En Belgique, une personne bénéficiant d'allocations pour personne handicapée recevait il y a trente ans une dizaine de formulaires papier afin de demander à diverses institutions le tarif social auquel elle avait droit ; aujourd'hui, son statut social est envoyé avec son accord à sa firme de gaz, d'électricité ou d'eau, et ces droits lui sont attribués automatiquement.
Sur le plan de la lutte contre la fraude, tout le monde est identifié par un numéro unique dans l'ensemble des bases de données. Avant d'attribuer des allocations, chaque institution peut d'abord contrôler la situation du demandeur pour déterminer s'il y a bien droit, par exemple en vérifiant que quelqu'un qui demande des allocations chômage ne travaille pas. Les différents services d'inspection sociale collaborent en travaillant sur une plateforme commune qui leur permet de se répartir le travail, ce qui n'était pas le cas il y a vingt ans ; ils ont également accès à une plateforme de coopération dédiée aux procès-verbaux. Par ailleurs, un système d'exploration de données ( datamining ) permet de rassembler des informations pseudonymisées à des fins de vérification ; quand une fraude est constatée, on peut identifier la personne et prendre les mesures qui s'imposent.

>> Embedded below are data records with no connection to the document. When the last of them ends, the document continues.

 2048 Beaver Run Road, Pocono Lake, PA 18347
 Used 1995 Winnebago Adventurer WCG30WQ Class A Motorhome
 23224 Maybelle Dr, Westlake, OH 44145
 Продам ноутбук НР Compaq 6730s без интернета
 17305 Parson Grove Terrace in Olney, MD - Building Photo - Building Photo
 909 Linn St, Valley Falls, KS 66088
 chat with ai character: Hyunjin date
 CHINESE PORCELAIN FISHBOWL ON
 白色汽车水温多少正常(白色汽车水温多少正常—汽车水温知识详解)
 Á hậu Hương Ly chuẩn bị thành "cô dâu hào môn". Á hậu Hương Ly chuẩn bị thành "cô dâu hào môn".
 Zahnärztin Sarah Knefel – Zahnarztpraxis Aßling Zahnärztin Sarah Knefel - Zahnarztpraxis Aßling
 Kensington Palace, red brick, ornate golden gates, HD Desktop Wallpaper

Nous pouvons donc nous appuyer sur un large système de data warehousing, entrepôt de données dans lequel les informations sont mises en relation et facilement visualisables. Ainsi, il y a quelques années, lorsqu'un dispositif a été instauré afin de diminuer certains coûts pour les entreprises nouvellement créées, nous avons pu automatiquement détecter celles qui fermaient pour être refondées sous une autre forme – par exemple en continuant à employer les mêmes salariés, en travaillant avec les mêmes sous-traitants et en étant domiciliées à la même adresse. Avec ce système, nous avons gagné sur trois plans : la fraude est détectée beaucoup plus rapidement qu'avant, en moyenne un trimestre plus tôt ; nous sommes capables de traiter des cas beaucoup plus complexes ; enfin, nous sommes plus efficaces, puisque ces outils nous permettent d'obtenir en une heure les résultats que nous obtenions auparavant en une journée. Grâce aux techniques de datamining, nous pouvons interconnecter de manière temporaire des informations provenant de plusieurs bases de données, sur la base du numéro unique, et ensuite les utiliser pour lutter contre la fraude.